--- Exercise requirements ---
From the listing that follows, reproduce only the lines from the one holding "Schwarz Gebraucht 2009" through the one holding "2017 Cadillac Escalade - zdjęcie 8", both included, with no pictures.

--- Information ---
────

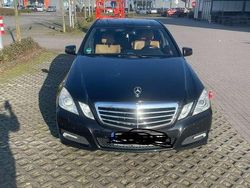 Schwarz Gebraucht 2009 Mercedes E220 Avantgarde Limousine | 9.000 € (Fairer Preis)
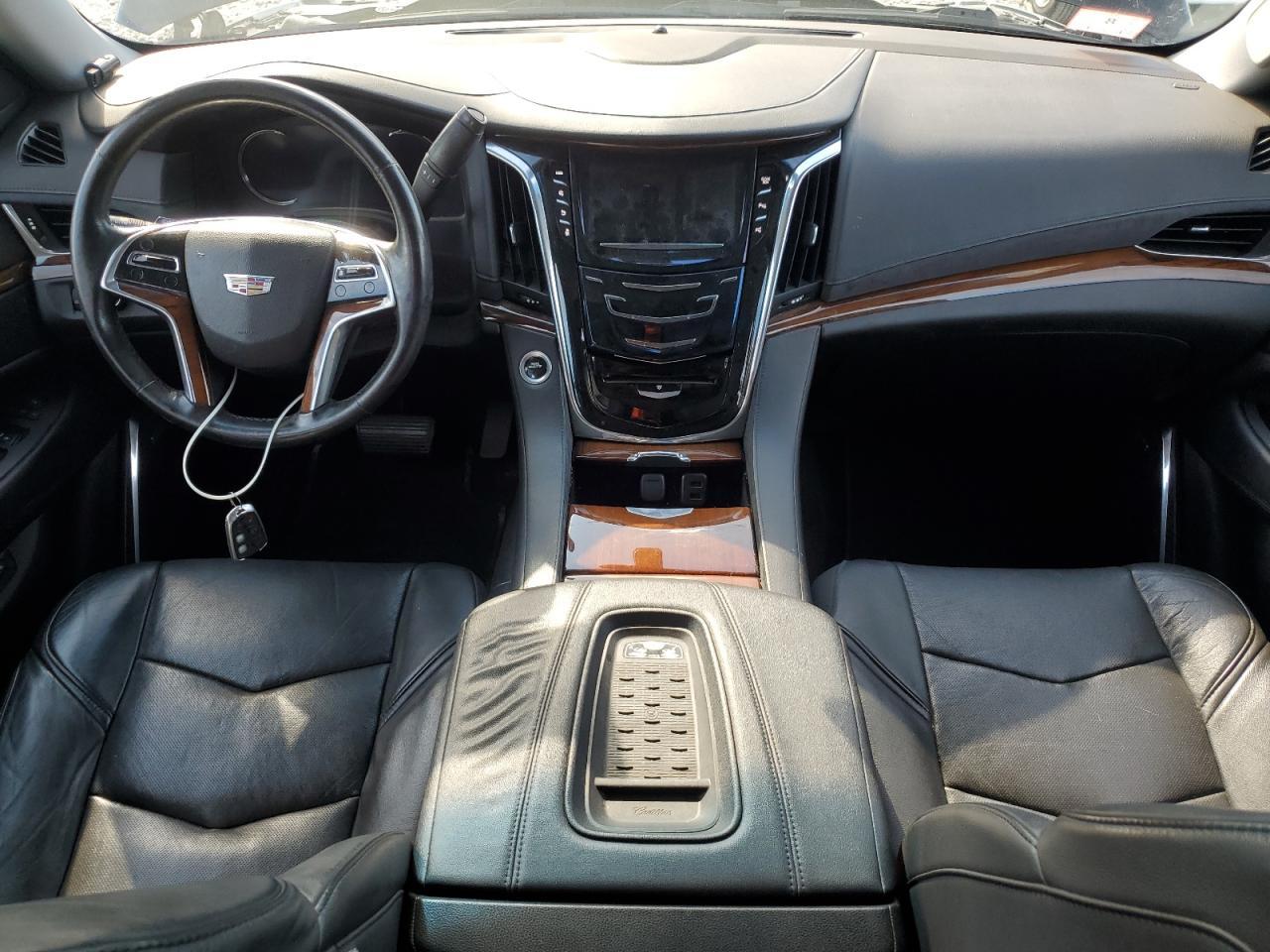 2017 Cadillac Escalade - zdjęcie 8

────

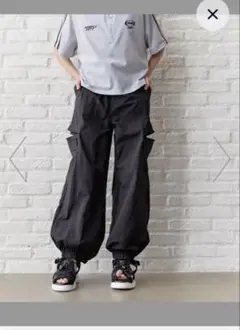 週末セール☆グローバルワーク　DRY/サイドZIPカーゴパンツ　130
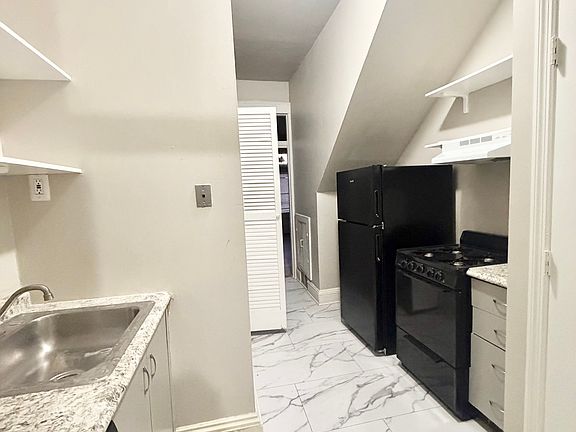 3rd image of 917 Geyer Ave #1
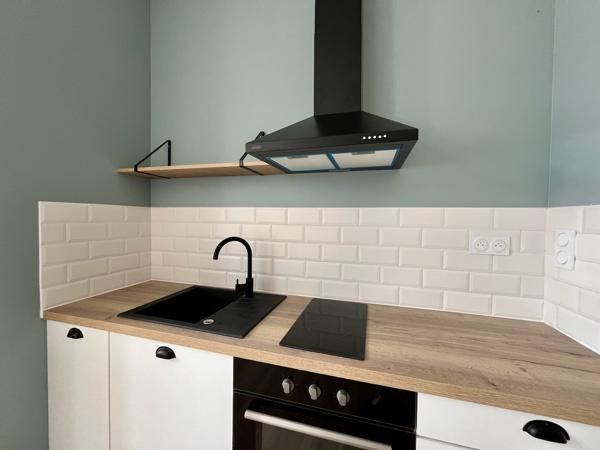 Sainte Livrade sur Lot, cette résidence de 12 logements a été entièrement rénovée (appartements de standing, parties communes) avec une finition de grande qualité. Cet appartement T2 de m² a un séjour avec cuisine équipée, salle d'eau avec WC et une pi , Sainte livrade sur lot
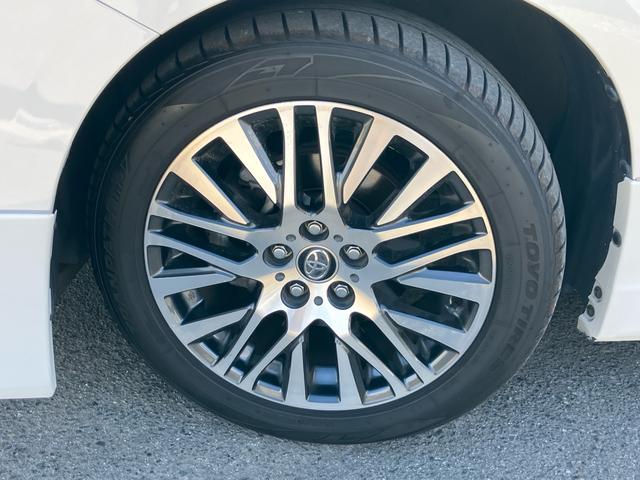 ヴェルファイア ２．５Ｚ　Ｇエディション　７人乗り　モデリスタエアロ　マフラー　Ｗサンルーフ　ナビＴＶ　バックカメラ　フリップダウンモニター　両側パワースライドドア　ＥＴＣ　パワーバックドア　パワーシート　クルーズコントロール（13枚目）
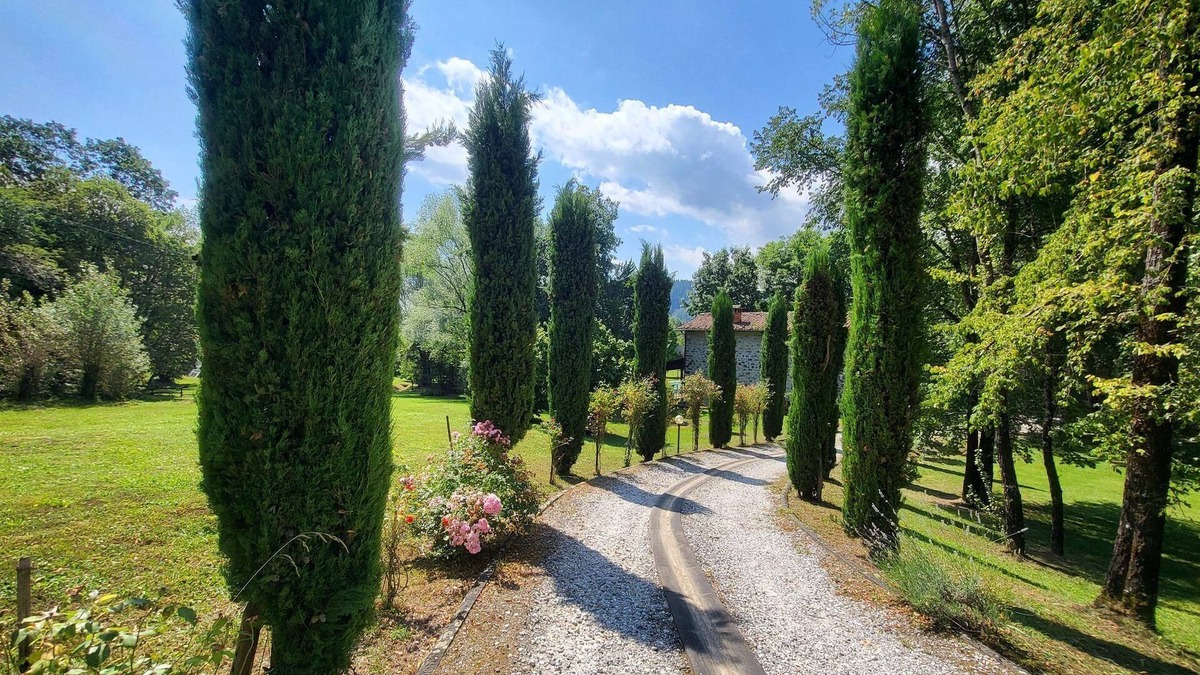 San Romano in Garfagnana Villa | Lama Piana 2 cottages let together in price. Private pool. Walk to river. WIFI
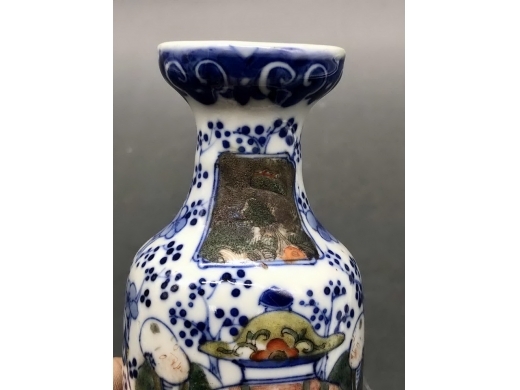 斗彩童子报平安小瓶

────

--- Response ---
 Schwarz Gebraucht 2009 Mercedes E220 Avantgarde Limousine | 9.000 € (Fairer Preis)
 2017 Cadillac Escalade - zdjęcie 8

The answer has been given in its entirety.